• [Source material]
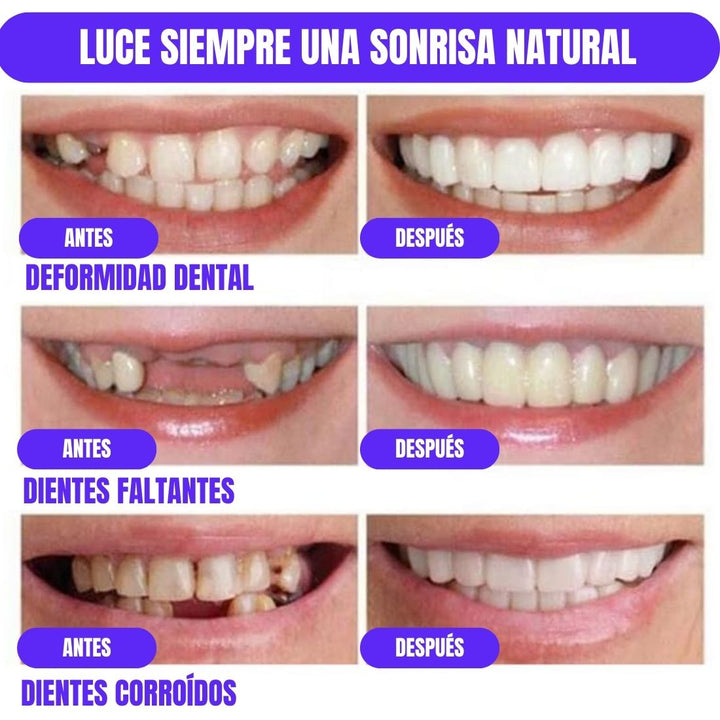 DentalClean® Carillas de Resina para una Sonrisa Natural 2X1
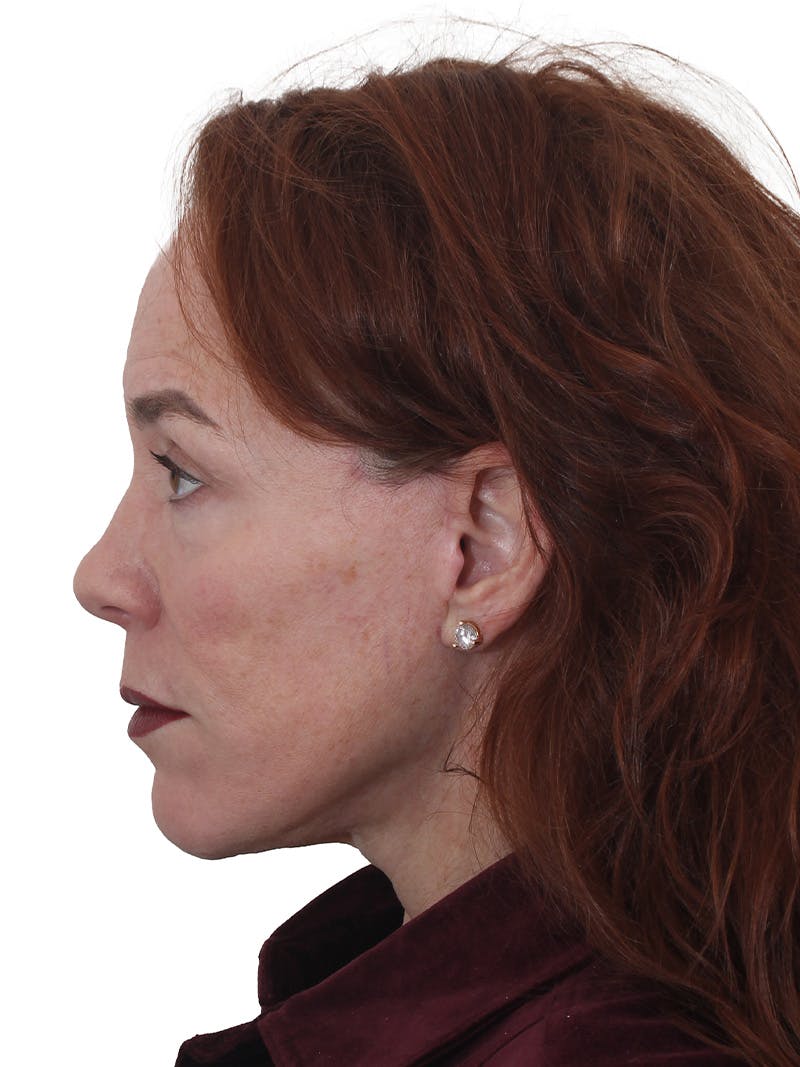 Dr. Frankel’s Facelift in Cleveland Before and After 03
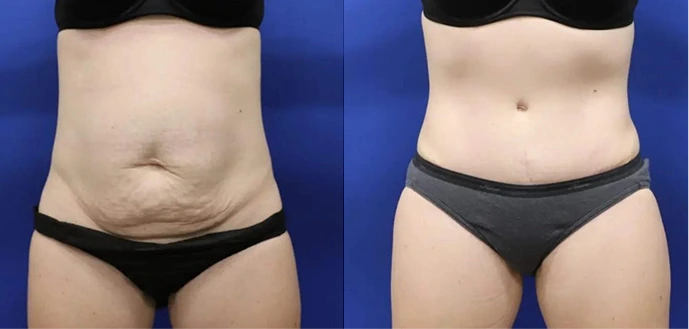 Before & After Gallery: Tummy Tuck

• [Activity] The data above must be given back verbatim, minus its images.

• [Exercise result]
 DentalClean® Carillas de Resina para una Sonrisa Natural 2X1
 Dr. Frankel’s Facelift in Cleveland Before and After 03
 Before & After Gallery: Tummy Tuck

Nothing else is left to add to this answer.